Our History Is Not Perfect–But It Is Our History

When you look at history, you need to remember that you are a traveler in a strange land. The values and things we take for granted today may be very different from the values and things taken for granted at the time you are looking at. We also need to be very wary of people who try to rewrite history or remove parts of our history. Our history is our history–we can’t change it. We can learn from it, but we can’t change it.

Stone Mountain Park is Georgia is considered the “Confederate Rushmore.” The park includes an educational documentary “The Battle for Georgia – a History of the Civil War in Georgia.” The park is an education center dedicated to a very unhappy chapter in American history. Part of that history is the Confederate Battle Flag.

Yesterday Yahoo News posted an article about a request for a boycott of Stone Mountain Park in Georgia:

Democratic state Representative LaDawn Blackett Jones this week urged people to stay away from the park 10 miles (16 km) east of Atlanta because it flies three flags of the pro-slavery Confederacy alongside the U.S. and Georgia state flags.

Bobbie Smith of Fitzgerald, Georgia, who was camping at Stone Mountain with her family, called the boycott call “just stupid.”

Now let’s look at that statement for a minute and put it into context.

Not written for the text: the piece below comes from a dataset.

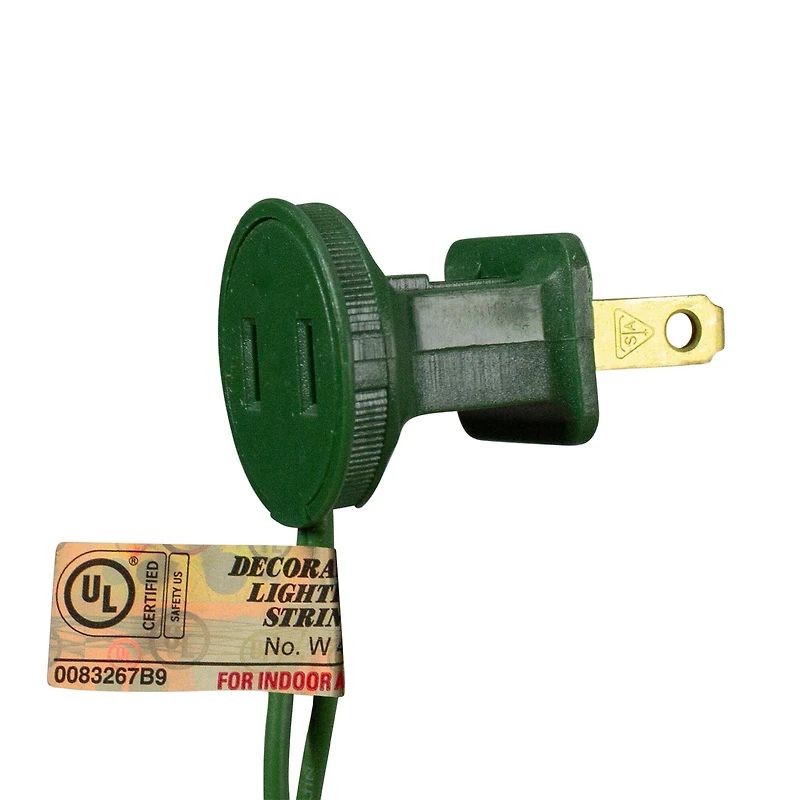 30" Pre-Lit Buffalo Fir Artificial Wreath, Warm White LED Lights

Britain abolished slavery in the 1830’s. Slavery remained legal in many countries of the world until the end of the 20th Century. It is now technically illegal in all countries, although it is still practiced in some countries in some form with a different name. Before we talk about the ‘pro-slavery Confederacy,’ we need to consider that although slavery is a horrible thing, it was acceptable behavior in many circles at the time. Would the Representative have described 19th Century England as pro-slavery England? To deny that part of America’s history or to try to gloss over it is to deny where we have been.

The article further reports:

The park is on state land and run by the Stone Mountain Memorial Association. Spokesman John Bankhead said, “People on both sides of the issue say it (the flag) belongs in a museum. Here in Georgia, the Stone Mountain Park serves as that.”

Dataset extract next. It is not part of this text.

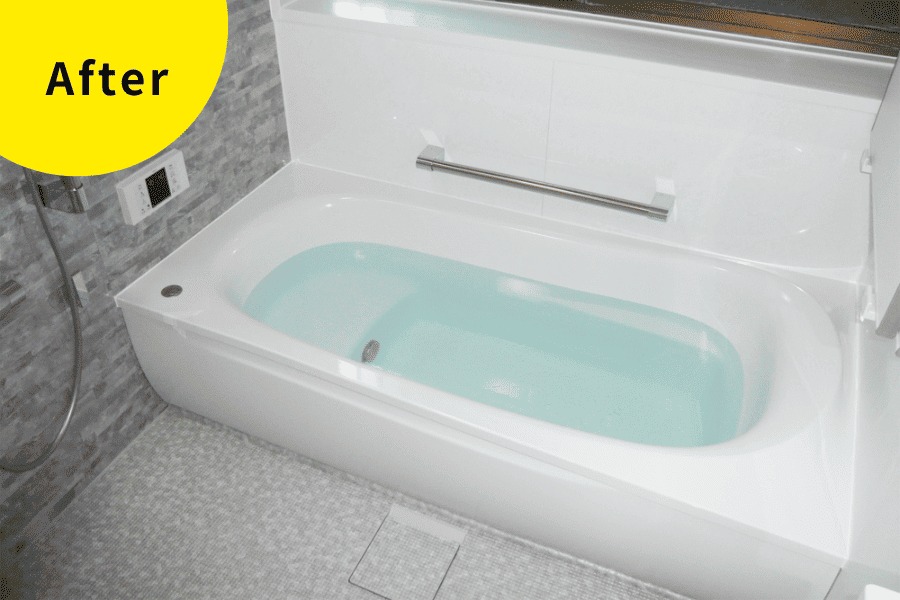 タイル風呂リフォーム事例③ After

The park is known as the “Confederate Mount Rushmore” for its 90-foot-tall (27-meter-tall) relief sculpture of three Confederate figures – President Jefferson Davis and Generals Robert E. Lee and Thomas “Stonewall” Jackson. The park describes it as the largest high relief sculpture in the world.

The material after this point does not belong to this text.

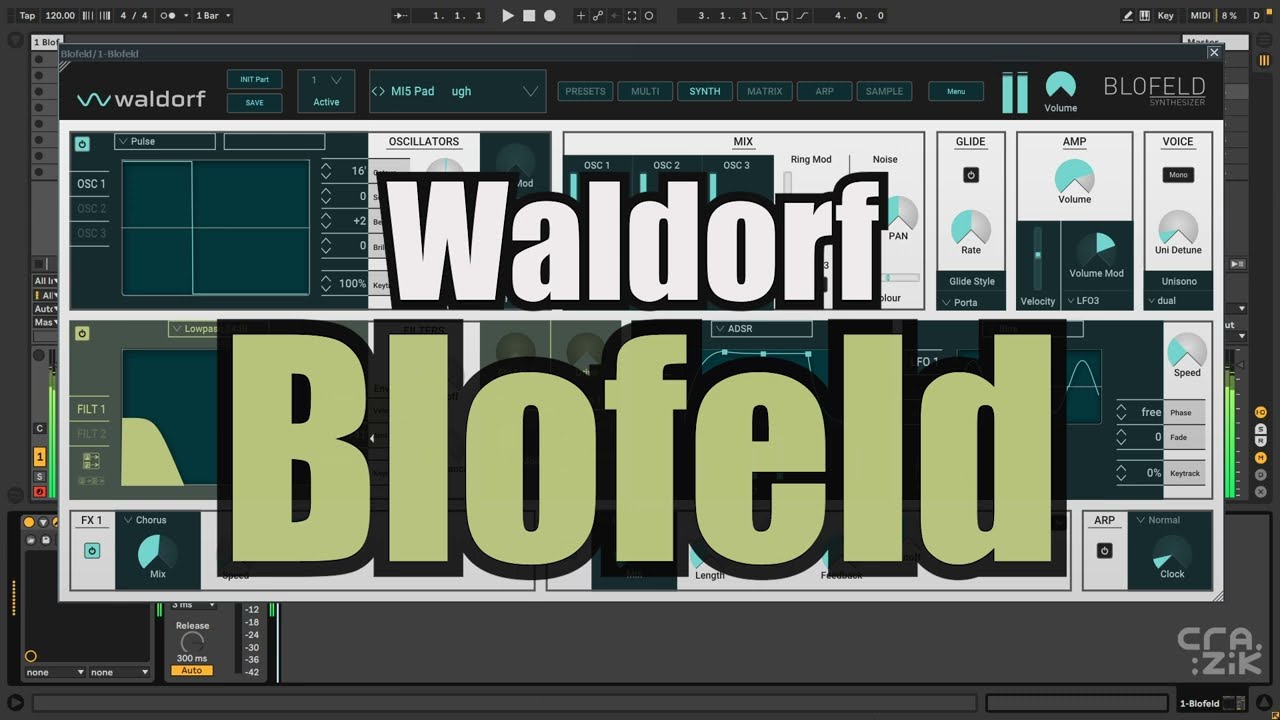 Waldorf Blofeld Synthesizer thumbnail 3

The thing we need to remember here is that the Confederacy was not evil. It practiced slavery, which was wrong, but accepted at the time. The Confederate States fought a war with the United States to preserve their way of life–not to take territory. The Confederacy is part of America’s heritage. Hopefully we have learned from the mistake made in accepting slavery and have done a better job of treating all Americans equally. Meanwhile, the hysteria about the Confederate battle flag is a bit overblown. One wonders what is behind the effort to erase this part of America’s history.